Koike S, Aoyama A, Yamaguchi N, Natori Y, Suzuki T, Itou M, Kusakabe K, Demura R
Radioassay Center, Tokyo Women's Medical College.
Rinsho Byori. 1993 Jun;41(6):666-72.
Serum concentrations of thyroid hormones (T3, T4, fT3 and fT4), TSH and TRAb in 14 mothers with Graves' disease at 1-4 weeks before delivery were comparably studied with cord blood hormone levels and various fetal states. Twelve mothers were on anti-thyroid drugs and 2 were drug-free, with 8 being euthyroid and 6 being hyperthyroid. Serum concentrations of T3, T4 and fT3 in cord blood were all the same regardless of maternal thyroidal function. Though cord blood TRAb levels correlated with maternal levels, cord fT4 levels were low in those who given antithyroid drugs. TSH levels in cord blood were low in Cesarean section delivery and babies with low birth weight. Birth weight and gestational weeks were both inversely correlated with maternal T4, fT4, fT3 and TRAb concentrations. Thus, maternal hormone levels at late stage of pregnancy in Graves' disease could be useful indices for perinatal risk.

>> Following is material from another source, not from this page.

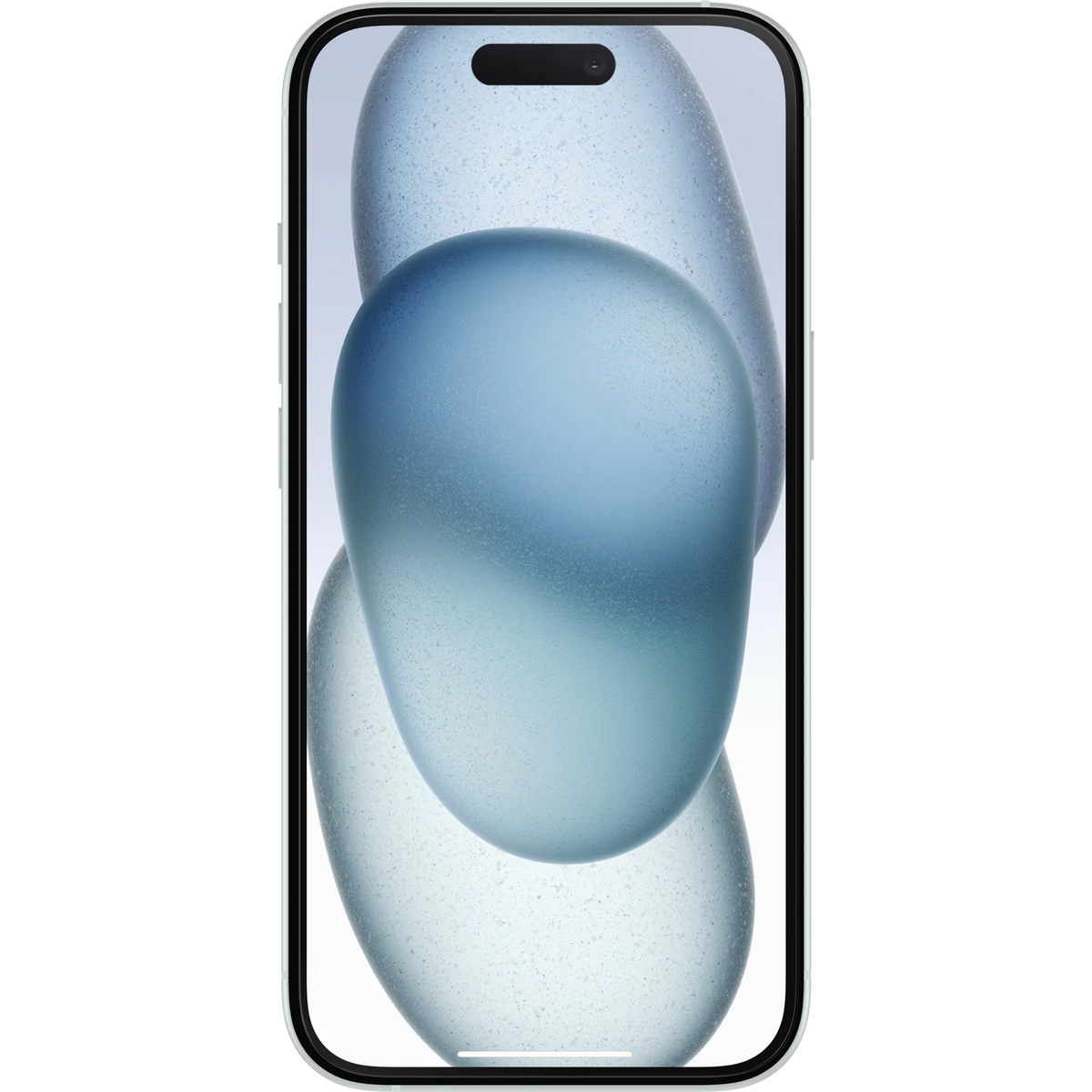 iPhone 16 Premium Pro Glass Privacy Guard Screen Protector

对14例患有格雷夫斯病的母亲在分娩前1 - 4周的血清甲状腺激素(T3、T4、游离T3和游离T4)、促甲状腺激素(TSH)和促甲状腺素受体抗体(TRAb)水平与脐血激素水平及各种胎儿状态进行了比较研究。12名母亲正在服用抗甲状腺药物,2名未服药,其中8名甲状腺功能正常,6名甲状腺功能亢进。无论母亲的甲状腺功能如何,脐血中T3、T4和游离T3的血清浓度均相同。虽然脐血TRAb水平与母亲水平相关,但服用抗甲状腺药物的母亲所生婴儿的脐血游离T4水平较低。剖宫产分娩的婴儿和低出生体重儿的脐血TSH水平较低。出生体重和孕周均与母亲的T4、游离T4、游离T3和TRAb浓度呈负相关。因此,格雷夫斯病孕妇妊娠晚期的激素水平可能是围产期风险的有用指标。